L’obiettivo del Plain Language Bill (che si può tradurre come “proposta di legge del linguaggio semplice”) è usare parole facili da capire e frasi costruite ordinatamente per comunicare in maniera più diretta con il pubblico. Prevede che tutte le comunicazioni del governo siano «chiare, concise, ben organizzate e adatte» a essere capite da chi le legge, perché possa comprendere e sfruttare meglio le informazioni che cerca. La proposta riguarda anche comunicazioni e procedure come le richieste di permesso di soggiorno, le pratiche di divorzio e l’accesso ai sussidi statali.

Fin dagli anni Settanta i movimenti per l’adozione di un linguaggio più semplice si sono diffusi in diversi paesi, tra cui Regno Unito, Stati Uniti e Canada: nel 2010 negli Stati Uniti fu approvato il “Plain Writing Act”, che prevede che tutti i documenti ufficiali destinati al pubblico siano «scritti con chiarezza» (nei paesi anglofoni un linguaggio considerato semplice è quello che per esempio usa frasi da massimo 15-20 parole, verbi in forma attiva anziché passiva e parole comuni al posto di quelle del gergo tecnico).
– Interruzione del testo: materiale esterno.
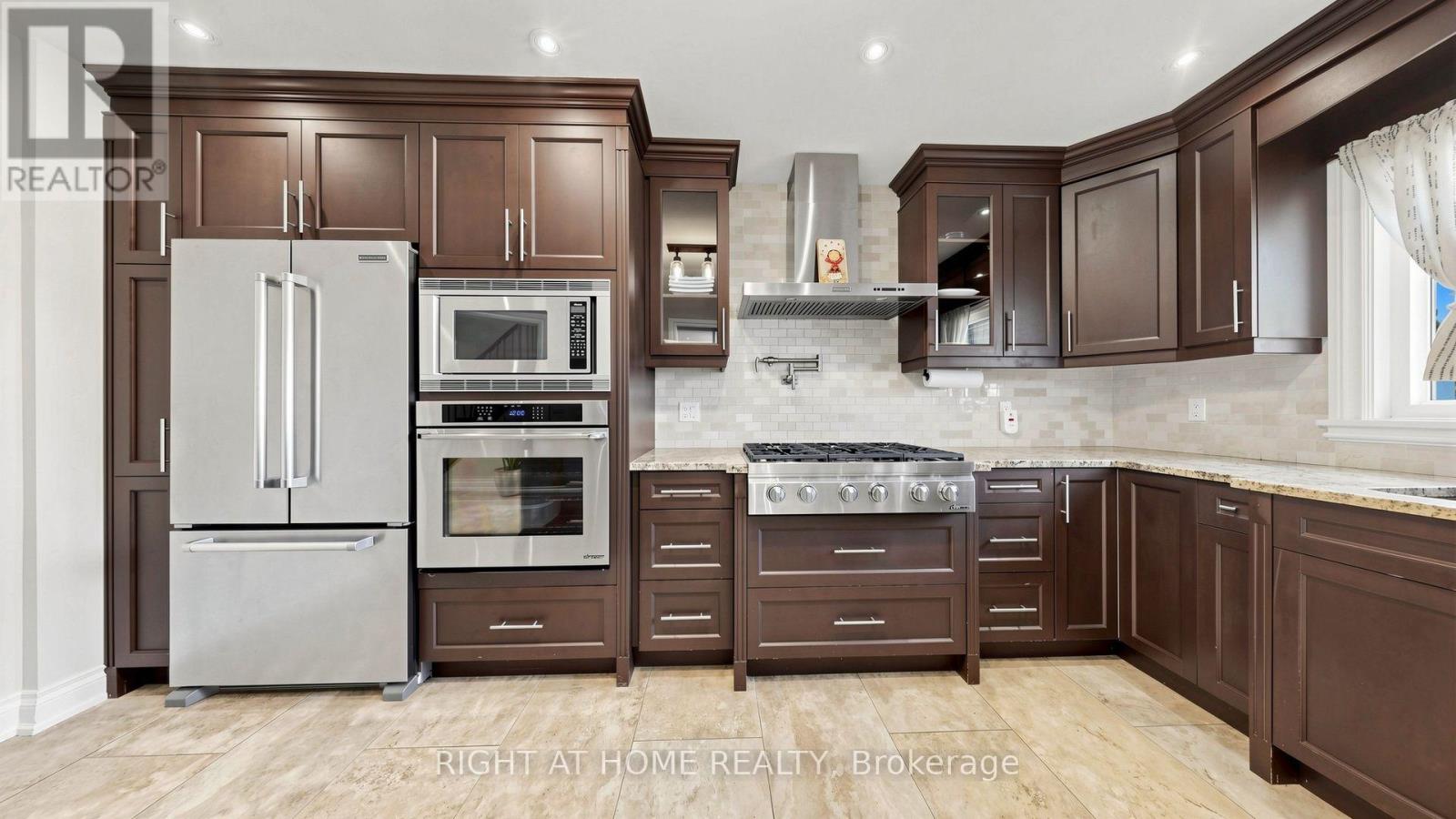 44 Robertson Close, Vaughan, Ontario  L6A 2H1 - Photo 15 - N13871034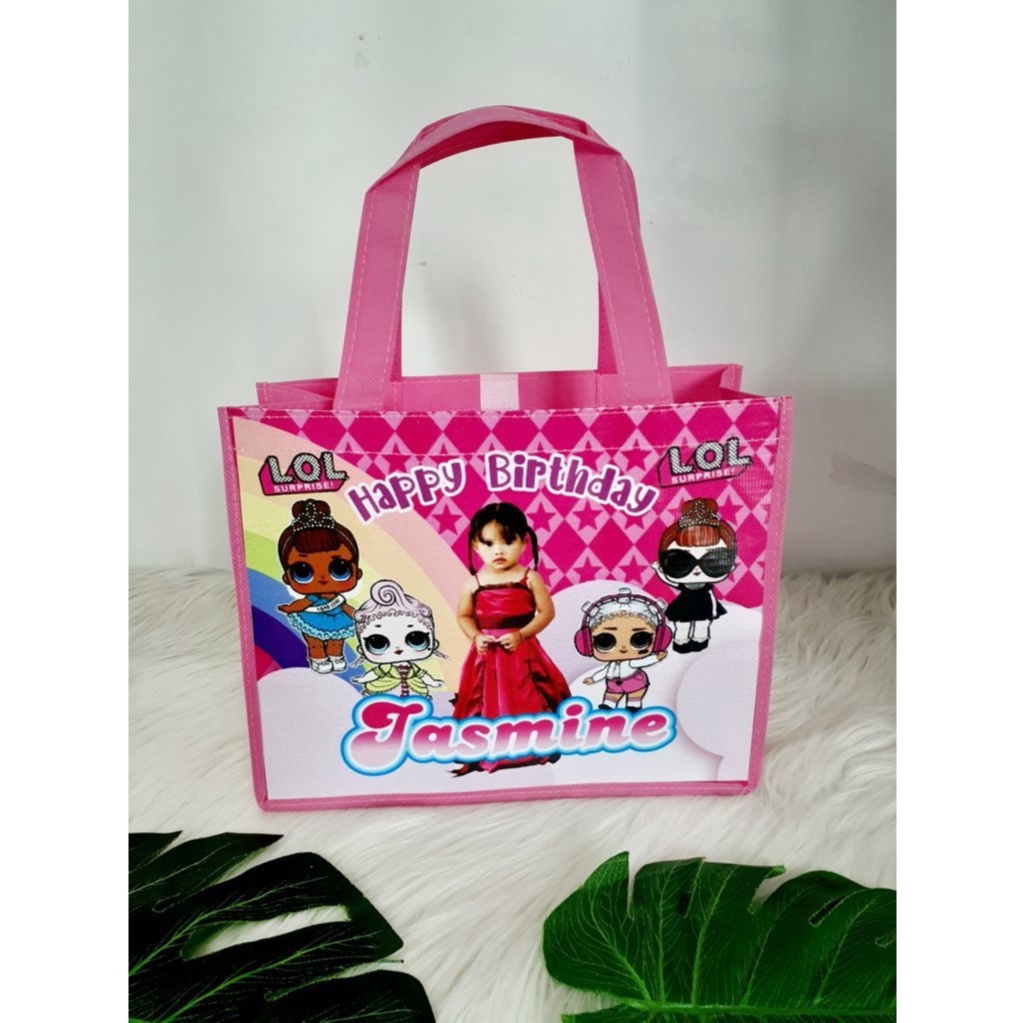 

Jual Tas Ulang Tahun Kotak Custom Tulis Nama kartun LOL Number Block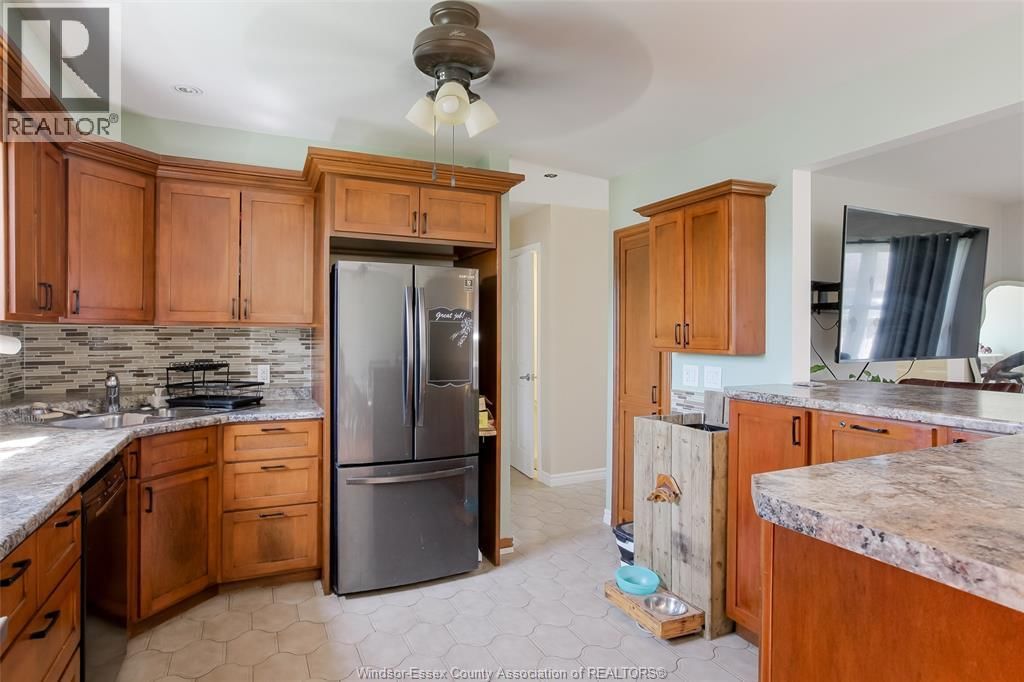 325 MCCURDY Image 13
Anche in Italia nel corso dell’ultima legislatura una proposta con obiettivi simili era arrivata a essere discussa in parlamento: un gruppo di deputati aveva infatti chiesto l’introduzione di una misura che permettesse di spiegare meglio le leggi già approvate, spesso scritte con un linguaggio oscuro e difficile da capire per chi non è del mestiere. La proposta di legge era stata poi affidata alla commissione Affari Costituzionali della Camera, che però finora non l’ha presa in esame.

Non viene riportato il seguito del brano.